Important caveat: not distributed training: This is not a distributed training framework - the actual AI part is still taking place in a big centralized blob of compute (the part that is continually training and updating the RL policy). Rather, this is a form of distributed learning - the edge devices (here: phones) are being used to generate a ton of realistic data about how to do tasks on phones, which serves as the feedstock for the in-the-cloud RL part.
Why this matters - computer use is the frontier: In a few years, AI systems will be middleware between you and any and all computers, translating your intentions into a symphony of distinct actions executed dutifully by an AI system. Approaches like this portend that future. "For future work, we aim to extend the generalization capabilities of DistRL to a broader range of tasks, focusing on enhancing both the training pipeline and the underlying algorithmic architecture," Huawei writes.

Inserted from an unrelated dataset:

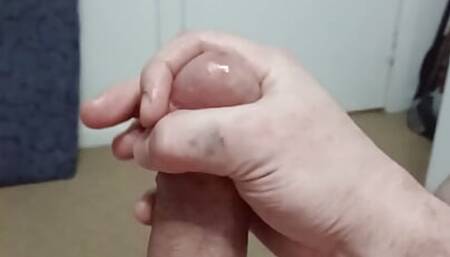 Quick wank quick cumming close up circumsized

Read more: DistRL: An Asynchronous Distributed Reinforcement Learning Framework for On-Device Control Agents (arXiv).
***
What would an "AI FDA" even look like? And is it a good idea?
…It'd need pre-market enforcement, and I'm not sure if it's a good idea…

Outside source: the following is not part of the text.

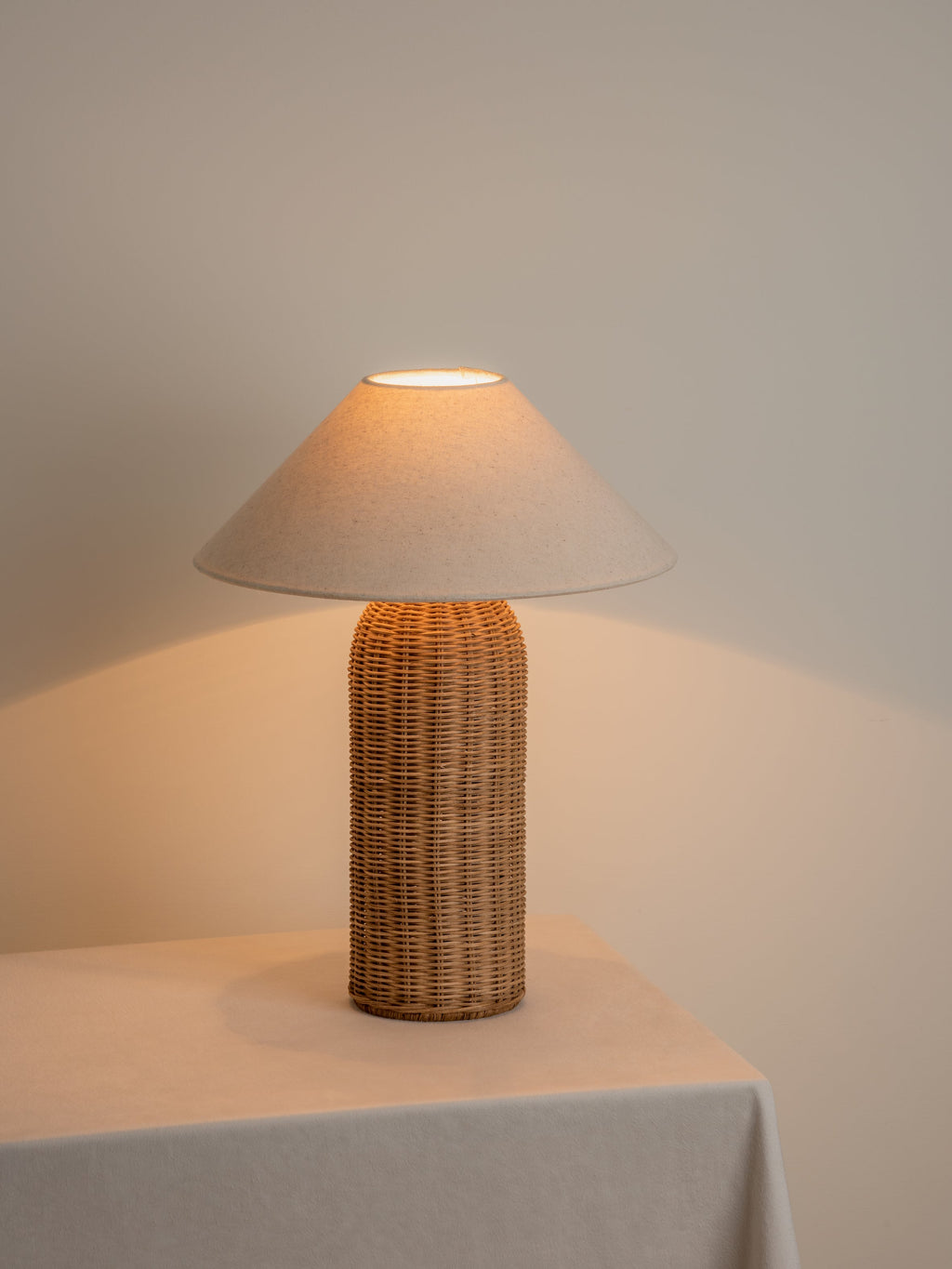 Rattan Bordlampe - Høj Cylinderfod med Naturlig Linnedskærm 7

The term "FDA for AI" gets tossed around a lot in policy circles but what does it actually mean? Researchers with thinktank AI Now have written up a helpful analysis of this question in the form of a lengthy report called Lessons from the FDA for AI. The key things to know are that:
The most effective tool the FDA has is "pre-market approval" - being able to say which drugs can and can't come to market.
Ensuring products comply with regulations after they have been released is challenging and the complicated supply chain for AI makes this even more difficult.
Figuring out a funding mechanism for the (very expensive) pre-market testing is a key challenge - there are various traps where the FDA for AI could end up beholden to market participants.
The FDA mandates documentation of drugs and medical devices; mandating documentation for AI could be both useful and also motivate broader changes in the AI industry.
Any FDA for AI would fit into a larger ecosystem - figuring out how this hypothetical FDA could interact with other actors to create more accountability would be important. "The power of FDA regulation comes in part from other actors in the system, including physicians, insurers, whistleblowers, and other actors who strengthen its monitoring regime. This has acted as an important second line of defense in pharmaceuticals, where the regulatory process has been insufficiently rigorous."
Why this matters - most questions in AI governance rests on what, if anything, companies should do pre-deployment: The report helps us think through one of the central questions in AI governance - what role, if any, should the government have in deciding what AI products do and don't come to market? Any kind of "FDA for AI" would increase the government's role in figuring out a framework for deciding what products come to market and what don't, along with gates needed to be passed to get to broad-scale distribution. This would represent a change from the status quo where companies make all the decisions about what products to bring to market. Do we actually want other participants to have a role here and, if so, what should that precise role be?
Read more: LESSONS FROM THE FDA FOR AI (AI Now, PDF).
***
Tech Tales:
Definitions At The End Of Time
[Near Conscious Entity (NCE)]: A Near Conscious Entity (NCE) is a synthetic system which has the necessary ingredients for consciousness and has been determined to be approaching the threshold of moral patienthood. A NCE is a protected entity under the terms of the Sentience Accords and while not due the same considerations as a Provably Conscious Entity (PCE), an NCE receives higher protections than Unthinking Software.
Things that inspired this story: All the policy documents that will be written during the transition to superintelligence.
Thanks for reading!
Ok? What are the Sentience Accords? You capitalize them as if they are an agreement among nations.